↓

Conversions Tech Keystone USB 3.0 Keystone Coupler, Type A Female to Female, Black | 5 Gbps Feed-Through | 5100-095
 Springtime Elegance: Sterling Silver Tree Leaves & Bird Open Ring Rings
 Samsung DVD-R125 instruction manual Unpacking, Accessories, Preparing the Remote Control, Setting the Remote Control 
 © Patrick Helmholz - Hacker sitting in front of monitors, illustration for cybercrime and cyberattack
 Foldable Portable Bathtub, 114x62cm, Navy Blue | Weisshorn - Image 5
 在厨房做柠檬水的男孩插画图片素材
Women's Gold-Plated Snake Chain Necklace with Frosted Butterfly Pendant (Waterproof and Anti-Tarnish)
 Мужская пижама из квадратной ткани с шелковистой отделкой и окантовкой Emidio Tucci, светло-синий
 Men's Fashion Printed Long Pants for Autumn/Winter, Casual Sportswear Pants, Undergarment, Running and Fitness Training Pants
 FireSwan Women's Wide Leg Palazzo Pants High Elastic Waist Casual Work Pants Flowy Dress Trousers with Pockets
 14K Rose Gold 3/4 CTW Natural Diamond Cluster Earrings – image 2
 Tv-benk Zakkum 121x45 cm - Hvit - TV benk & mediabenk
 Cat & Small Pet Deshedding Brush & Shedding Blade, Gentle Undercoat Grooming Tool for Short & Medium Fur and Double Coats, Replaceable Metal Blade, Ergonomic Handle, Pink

↑

■ **Exercise instructions**
Answer with one number only, the count of lines in the listing that hold the word "Pants".

■ **Exercise solution**
2